Right, that would make sense. For the test suite though, I guess it would actually need to run each test case that references time_t both ways.
- Removing the time32 symbols from the glibc shared object did not work as they are still used (a lot) internally, and by the testsuite.
That they're used internally sounds like a major problem; anywhere they're being used internally potentially has hidden Y2038 bugs. This is also why I'm concerned about glibc's approach of not building itself with _TIME_BITS=64, and just undefining it or doing something else in the wrapper files for the legacy time32 symbols.
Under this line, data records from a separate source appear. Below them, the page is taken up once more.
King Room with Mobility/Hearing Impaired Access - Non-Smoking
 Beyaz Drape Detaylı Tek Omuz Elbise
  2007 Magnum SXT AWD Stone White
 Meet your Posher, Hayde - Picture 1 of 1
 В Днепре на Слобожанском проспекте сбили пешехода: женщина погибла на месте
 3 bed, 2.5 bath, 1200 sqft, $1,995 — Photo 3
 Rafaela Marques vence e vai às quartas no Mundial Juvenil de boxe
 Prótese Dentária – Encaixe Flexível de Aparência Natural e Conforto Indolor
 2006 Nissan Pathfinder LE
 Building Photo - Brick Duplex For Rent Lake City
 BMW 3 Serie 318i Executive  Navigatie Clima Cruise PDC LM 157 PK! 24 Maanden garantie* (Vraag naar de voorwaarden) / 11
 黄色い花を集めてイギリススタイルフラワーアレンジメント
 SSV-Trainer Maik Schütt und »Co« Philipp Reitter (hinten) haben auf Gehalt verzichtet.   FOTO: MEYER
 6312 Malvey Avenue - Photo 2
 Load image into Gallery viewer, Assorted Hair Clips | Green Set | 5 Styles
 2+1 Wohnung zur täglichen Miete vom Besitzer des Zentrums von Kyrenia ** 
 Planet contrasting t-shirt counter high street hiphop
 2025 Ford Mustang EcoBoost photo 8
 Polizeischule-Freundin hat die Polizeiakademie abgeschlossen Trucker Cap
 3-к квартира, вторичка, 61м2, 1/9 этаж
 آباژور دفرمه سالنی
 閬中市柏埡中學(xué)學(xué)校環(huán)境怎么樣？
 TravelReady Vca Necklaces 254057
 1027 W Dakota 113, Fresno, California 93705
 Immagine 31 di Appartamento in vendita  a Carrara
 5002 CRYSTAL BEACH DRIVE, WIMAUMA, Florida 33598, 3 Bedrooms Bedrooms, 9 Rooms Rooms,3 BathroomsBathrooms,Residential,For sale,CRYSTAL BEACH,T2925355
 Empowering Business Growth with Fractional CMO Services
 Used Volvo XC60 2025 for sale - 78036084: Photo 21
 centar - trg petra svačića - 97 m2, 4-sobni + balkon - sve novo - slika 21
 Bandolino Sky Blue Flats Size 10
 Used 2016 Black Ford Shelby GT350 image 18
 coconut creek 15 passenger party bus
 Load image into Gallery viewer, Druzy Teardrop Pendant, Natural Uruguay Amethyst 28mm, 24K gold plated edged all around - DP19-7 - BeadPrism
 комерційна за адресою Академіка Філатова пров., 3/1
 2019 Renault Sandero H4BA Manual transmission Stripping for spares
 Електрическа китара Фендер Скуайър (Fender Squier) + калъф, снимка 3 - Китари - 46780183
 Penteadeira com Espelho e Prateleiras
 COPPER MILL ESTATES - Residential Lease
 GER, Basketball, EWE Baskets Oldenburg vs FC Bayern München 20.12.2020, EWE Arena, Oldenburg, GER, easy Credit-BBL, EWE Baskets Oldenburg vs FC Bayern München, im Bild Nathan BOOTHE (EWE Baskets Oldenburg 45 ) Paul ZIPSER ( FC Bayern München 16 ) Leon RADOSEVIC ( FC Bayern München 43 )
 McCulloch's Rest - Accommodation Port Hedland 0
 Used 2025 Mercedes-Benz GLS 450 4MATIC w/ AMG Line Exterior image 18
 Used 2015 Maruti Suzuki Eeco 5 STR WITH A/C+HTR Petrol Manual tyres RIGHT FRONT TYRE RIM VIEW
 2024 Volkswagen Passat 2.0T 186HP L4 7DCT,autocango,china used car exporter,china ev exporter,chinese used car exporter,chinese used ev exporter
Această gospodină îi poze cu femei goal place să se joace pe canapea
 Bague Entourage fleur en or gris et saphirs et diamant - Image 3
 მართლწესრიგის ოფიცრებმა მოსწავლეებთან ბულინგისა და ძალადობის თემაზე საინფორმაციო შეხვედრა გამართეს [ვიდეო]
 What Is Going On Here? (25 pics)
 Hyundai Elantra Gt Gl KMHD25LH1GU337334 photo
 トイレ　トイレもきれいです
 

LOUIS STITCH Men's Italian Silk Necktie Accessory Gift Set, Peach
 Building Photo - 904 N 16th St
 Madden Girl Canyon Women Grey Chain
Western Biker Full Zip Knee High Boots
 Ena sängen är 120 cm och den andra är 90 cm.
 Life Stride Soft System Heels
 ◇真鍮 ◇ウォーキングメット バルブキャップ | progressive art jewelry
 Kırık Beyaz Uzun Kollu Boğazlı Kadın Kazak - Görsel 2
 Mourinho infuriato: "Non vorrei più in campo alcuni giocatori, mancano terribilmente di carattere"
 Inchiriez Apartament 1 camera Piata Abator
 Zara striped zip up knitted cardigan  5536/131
I thought this was the long-term plan. Working on the ABI first and then changing the implementation may help speed up the timeline before distro-level work can start, but OTOH removing all the 32-bit codepaths from the implementation first makes it more likely to find all relevant bits.
- The nptl and sunrpc portions have numerous interfaces with 'timeval' or 'timespec' arguments that each cause an ABI break.
nptl is essential but I think sunrpc is pure legacy ABI and not intended to be linkable in the future.
That would be helpful, but what does it mean for distro packages that link against it today? codesearch.debian.org e.g. finds nfs-utls, nis, libtirpc, ntirpc and nfswatch including <rpc/*.h>. Can these just use a replacement that is built with 64-bit time_t then?